In [None]:
# Initialize OK
from client.api.notebook import Notebook
ok = Notebook('hw3.ok')

# Homework 3: SQL

## Due Date: Monday, Feb 10th, 11:59PM

## Collaboration Policy

Data science is a collaborative activity. While you may talk with others about
the homework, we ask that you **write your solutions individually**. If you do
discuss the assignments with others please **include their names** below.

**Collaborators**: *list  collaborators here*

## Grading

Grading is broken down into autograded answers and free response. 

For autograded answers, the results of your code are compared to provided and/or hidden tests. **For autograded probability questions, the provided tests will only check that your answer is within a reasonable range.**

### Please make sure to save regularly; do not rely on autosave to save your work for you!

**Caution:** Be careful with large SQL queries.  You may need to reboot your Jupyter Hub instance if it stops responding.

## Scoring Breakdown

|Question|Points|
|---|---|
|Q1 | 2 |
|Q2 | 2 |
|Q3 | 1 |
|Q4 | 2 |
|Q5 | 3 |
|Q6 | 3 |
|Q7 | 2 |
|Q8 | 4 |
|Q9 | 4 |


## Introduction

In this homework, you will have a chance to test your SQL knowledge by writing some SQL queries. We're going to be exploring the publicly available [IMDB](https://www.imdb.com) datasets with data about films and the people involved in their creation.

In [1]:
import numpy as np
import pandas as pd
import sqlite3

In [2]:
import matplotlib.pyplot as plt
import plotly.offline as py
import cufflinks as cf

## Setup

We have constructed an IMDB database snapshot from [IMDB data](https://www.imdb.com/interfaces/).  This is a very large file so we have mounted it in a shared filesystem on Jupyter Hub.  

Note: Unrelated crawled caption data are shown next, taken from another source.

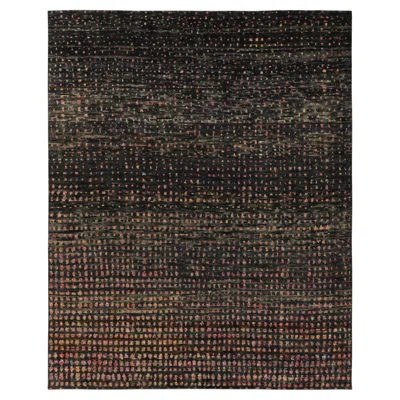 Pre-owned Rug & Kilim Contemporary Geometric Wool & Natural Silk, By , India In Black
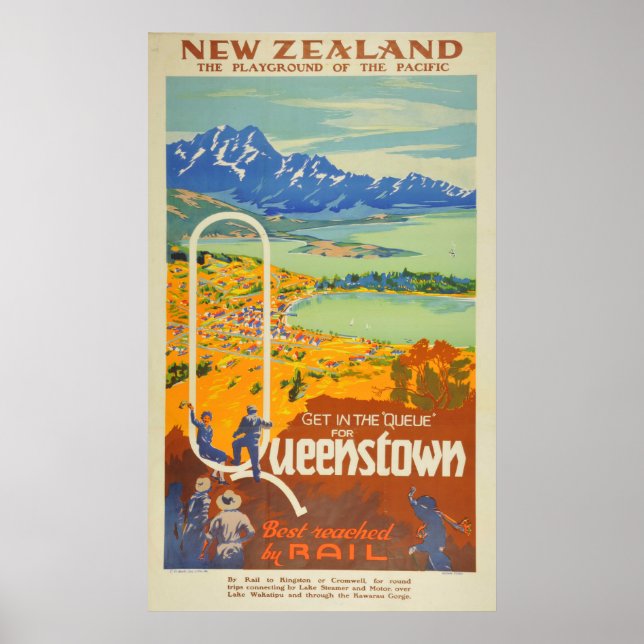 Vintag Queenstown New Zealand Travel Poster (Vorne)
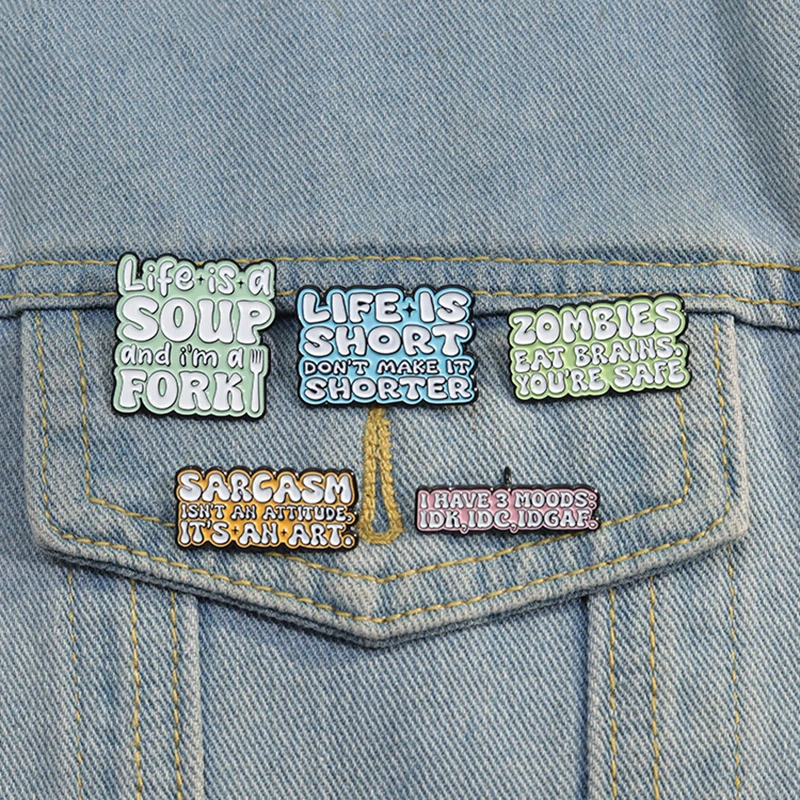 Sarcastic Humor Quotes Enamel Pins Custom SARCASM ISN'T AN ATTITUDE IT'S AN ART Brooches Lapel Badges Funny Jewelry Gift Friends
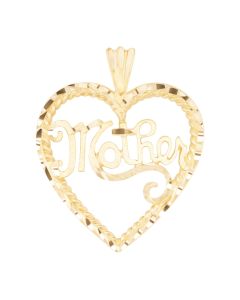 10K Yellow Gold Large Heart "Mother" Pendant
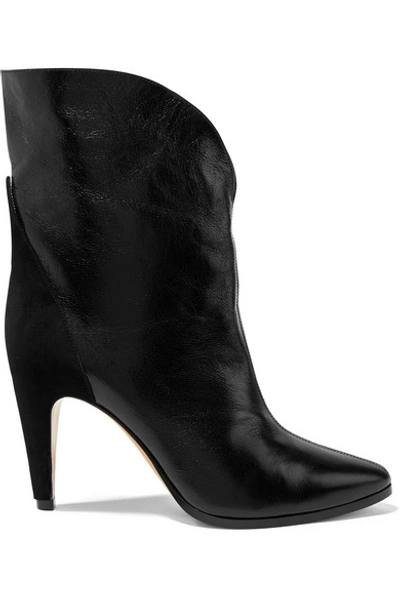 Shop Givenchy Gv3 Suede-trimmed Textured-leather Ankle Boots In Black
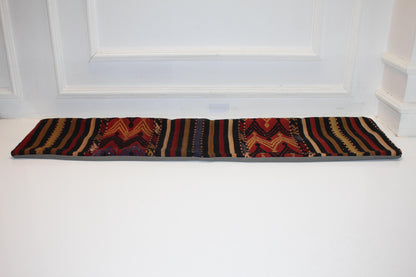 Anatolian Zigzag Kilim Lumbar Pillow 12x48, Handwoven Tribal Textile Cushion, Earth Tone Long Pillow for Sofa & Bench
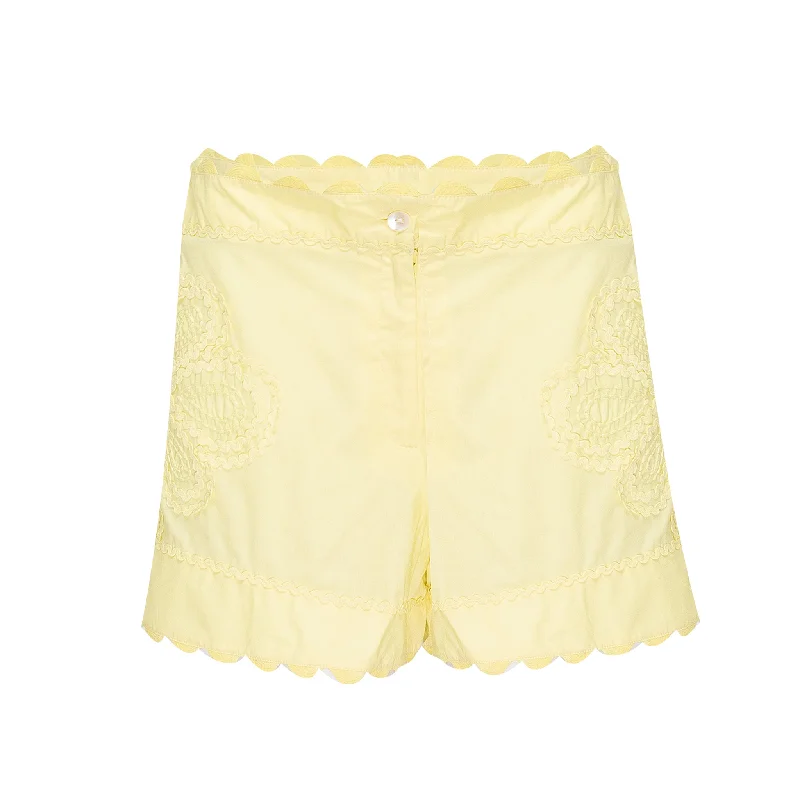 Poplin High Waisted Shorts with Ric Rac Embroidery Lemon Casual Wide-Leg Shorts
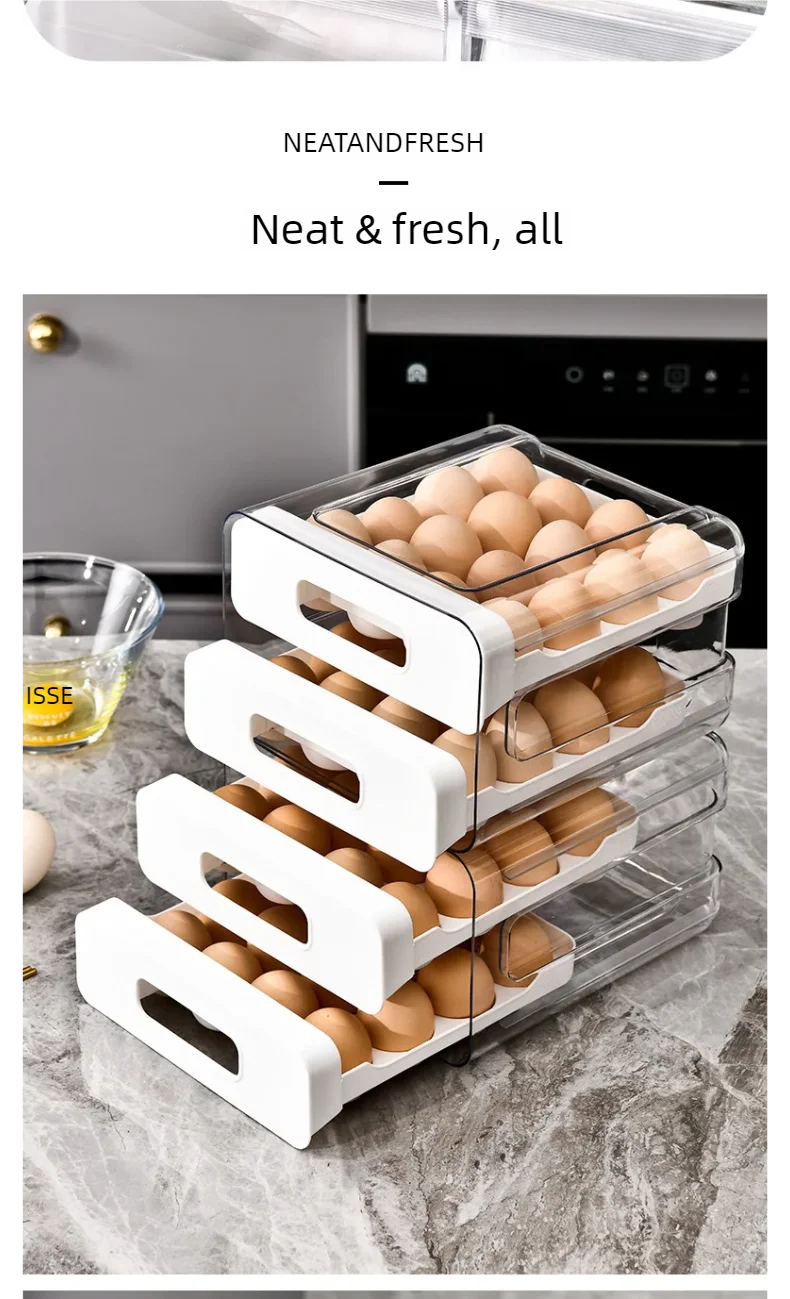 Stackable Refrigerator Egg Organizer Drawer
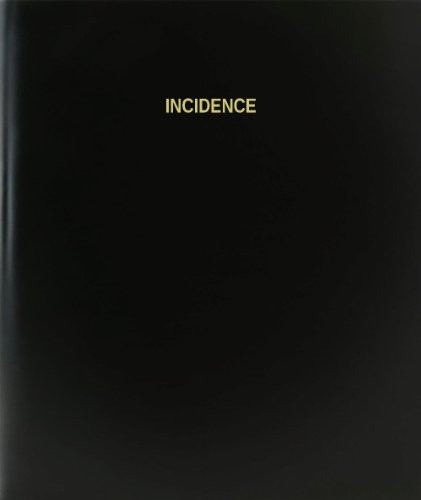 BookFactory Incidence Log Book - Journal - Logbook - 120 Page 8.5"x11" Black Hardbound -XLog-120-7CS-A-L-Black-Incidence Log Book--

We will use `run_sql` function in `ds100_utils`.  This allows us to update the database query code should we run into performance issues on the jupyter hub.

In [3]:
from ds100_utils import run_sql
help(run_sql)

## Getting to Know Your Data

Now that we have downloaded our SQLite database, we want to make sure we understand the **schema** of our data before we start writing queries. The following query returns the tables stored in the database.

In [None]:
for _, row in run_sql("SELECT sql FROM sqlite_master WHERE type='table' ").iterrows():
    print(row['sql'], '\n')

We have four tables.  Notice that the `names` and `titles` tables have primary keys that the `roles` and `ratings` tables reference. 

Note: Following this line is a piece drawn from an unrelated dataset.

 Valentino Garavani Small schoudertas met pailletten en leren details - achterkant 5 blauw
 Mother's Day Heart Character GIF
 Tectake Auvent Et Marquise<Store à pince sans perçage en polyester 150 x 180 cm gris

Documentation for the schema can be found [here](https://www.imdb.com/interfaces/). Note we have renamed `principals` to `roles`.  We have also slightly shorted or simplified several of the column names.

To get a better understanding of the values we will look at 10 records from each table using the `run_sql` command.  

In [None]:
run_sql("""
    SELECT * FROM names LIMIT 10
""")

In [None]:
run_sql("""
    SELECT * FROM titles LIMIT 10
""")

In [None]:
run_sql("""
    SELECT * FROM roles LIMIT 10
""")

In [None]:
run_sql("""
    SELECT * FROM ratings LIMIT 10
""")

### Important Schema Information

* `names` contains information about individuals involved in films.
* `titles` contains information about the films.
* `roles` relates individuals to titles
* `ratings` contains information about the ratings associated with each film. 
* `names.nid` is a Primary Key
* `titles.tid` is a Primary Key
* `roles.nid` and `roles.tid` are foreign keys that point to `names.nid` and `titles.tid`, respectively.



---

## Question 1

How far back does our data go? Does it only include recent data, or do we have information about older movies and movie stars as well? 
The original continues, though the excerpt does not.